Marine Diesel Engines – Oil Fuel Tax Alarm May Hasten LNG Progress

By George Backwell at December 18, 2011 02:17
Filed Under: General

The international maritime sector is prime candidate to take the hit of a tax on shipping bunkers, analysts are convinced, after recent U.N. Climate Change talks in Durban agreed the design of a 'Global Climate Fund' to channel up to $100 billion a year to compensate poorer nations whilst leaving open the question of where the money would be coming from. Oxfam and green group WWF tabled a Durban motion calling for a carbon levy of  a massive $25 per tonne oil bunker tax but failed to obtain a consensus, nevertheless firing a warning shot across the industry’s bows.

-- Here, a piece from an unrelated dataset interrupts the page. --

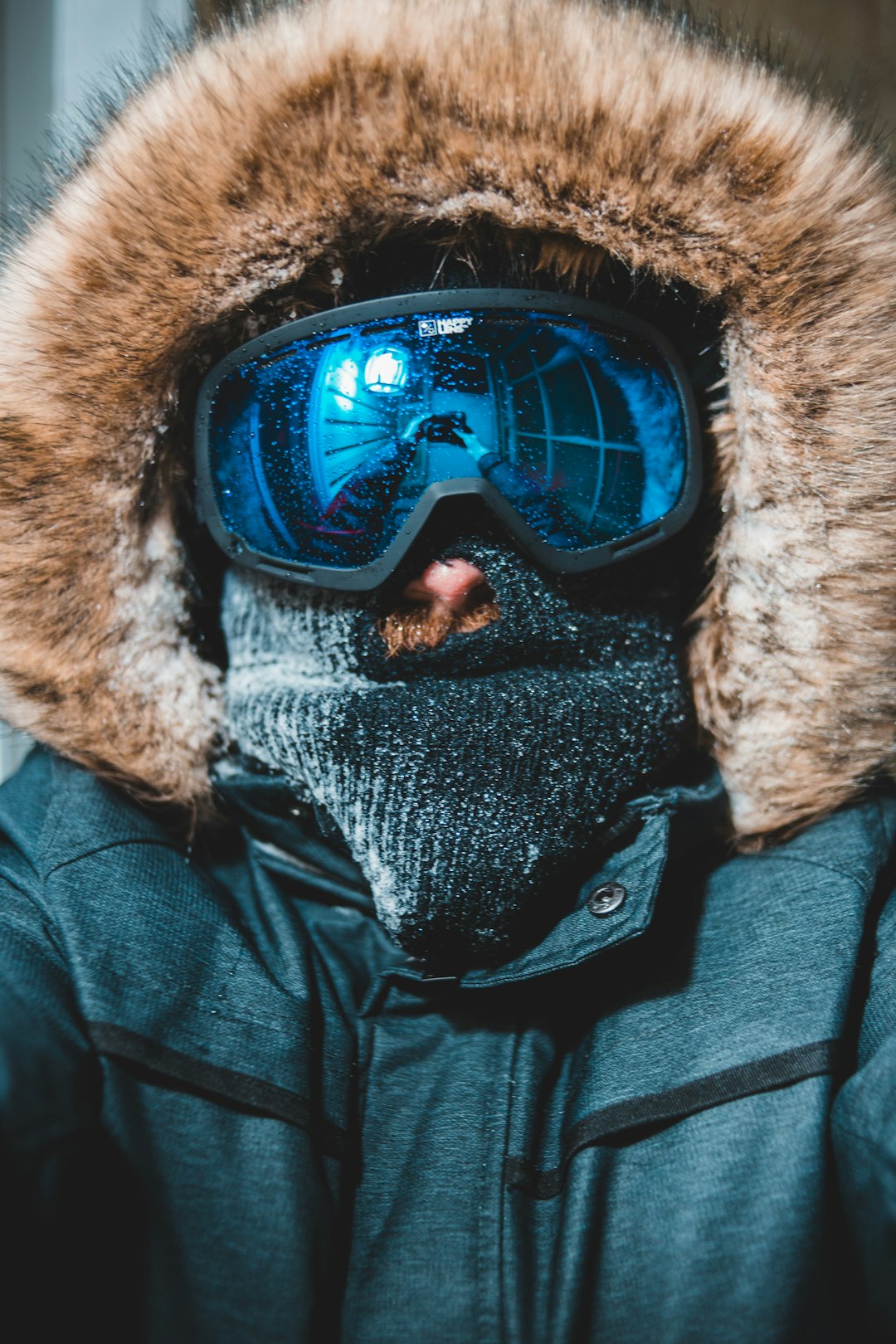 person wearing blue coat and blue snow goggles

Latest news of advancements in the LNG fuel project for diesel engines, and a bullish forecast for future growth in LNG take-up follows below.
 
LNG Supply Side Developments

World-wide expansion plans for new LNG bunker station are reported by Zeus Intelligence listing in the past week supply proposals in such varied locations as on the Yangtze River; Port Fourcheon, Louisiana; Trinidad in the West Indies, and at Dubai in the Middle East. Zeus says proposals are tabled for LNG bunkering stations in Singapore, Quebec, and New York.

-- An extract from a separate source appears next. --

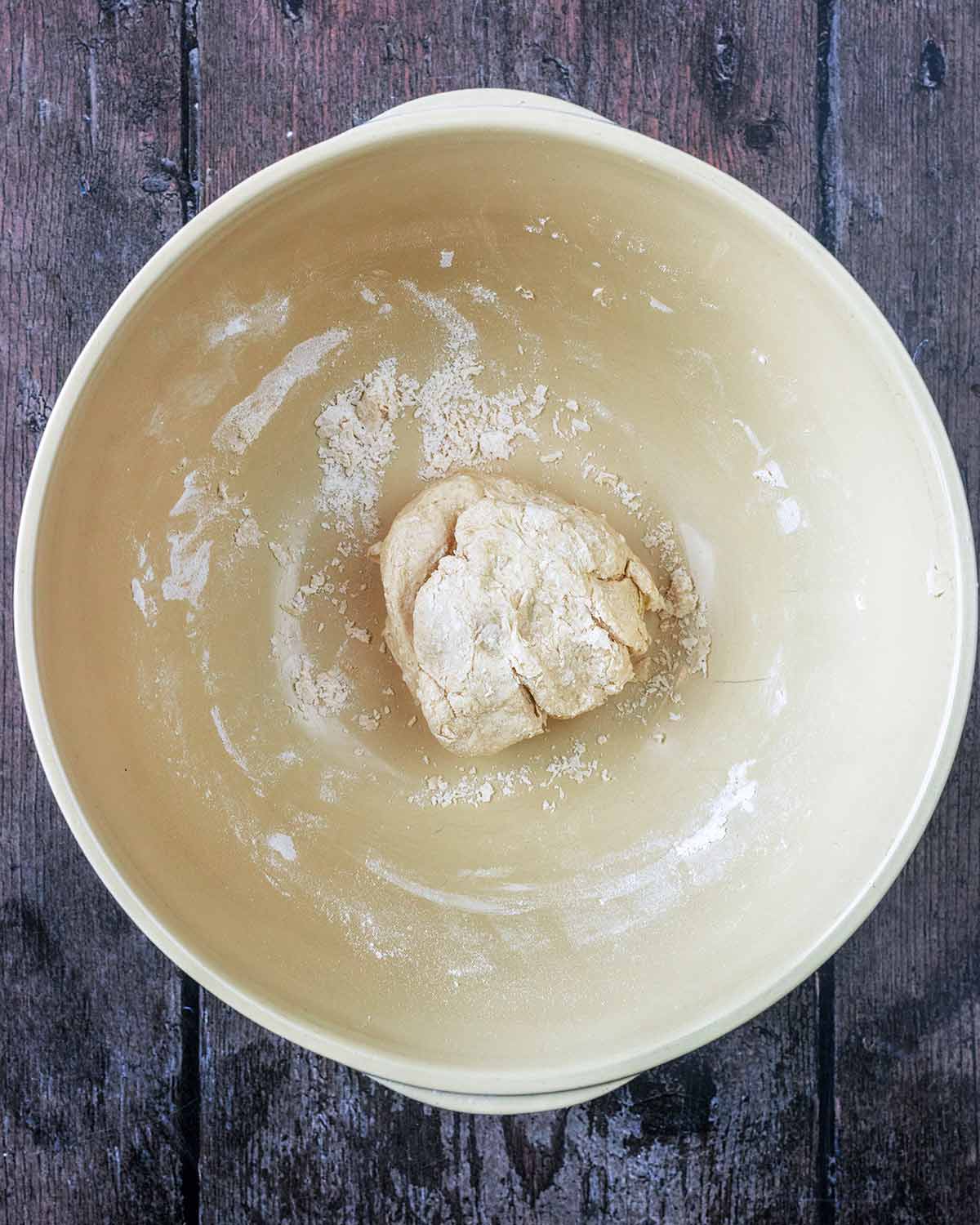 A ball of dough in the mixing bowl.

News of significant LNG supply developments came from Europe as Gasnor of Norway announced last month an agreement with port operators (subject to approval by the local government administration) to supply LNG bunkering facilities at the German Port of Brunsbüttel, crucially situated within the IMO Emission Control Area at the Kiel Canal gateway between the North Sea and the Baltic.

LNG Fuel Tank Aboard MF Boknafjord: Photo courtesy of Multi Maritime Ship Design & Engineering

New LNG Fuelled Ships

A couple of examples from Europe point up the growing interest in LNG fuelled ships: Nor Lines has contracted with Tsuji Heavy Industries to build two LNG fuelled multi-purpose, 5,000 dwt cargo vessels for delivery in time to comply with stringent ECA emission regulations that are due to take effect in 2015. Reportedly these two ships would take advantage of the new LNG bunkering station at Brunsbüttel.

Another Norwegian operator, Fjord1 named its sixth LNG powered ferry MF Boknafjord (incidentally the world’s largest powered by gas) on Friday last after delivery by Fiskerstrand BLRT AS, to serve the Arsvågen-Mortavika route on the country’s Boknafjord.

Forecast of Increase in Future LNG Fuel Uptake

Research by MEC Intelligence estimates that the present day hundred or so vessels of the world’s merchant fleet using LNG to fuel either single or dual-fuel engines could increase to number nearly ten-thousand ships  by year 2020.

Subject to the anticipated development of infrastructure and IMO ratifications the MEC report expects the LNG fuelled  fleet to number a thousand by 2015 but pick up rapidly to grow up to ten times in the subsequent five years as the technology, infrastructure, and economics stack equivocally in favour of LNG fuelled ships.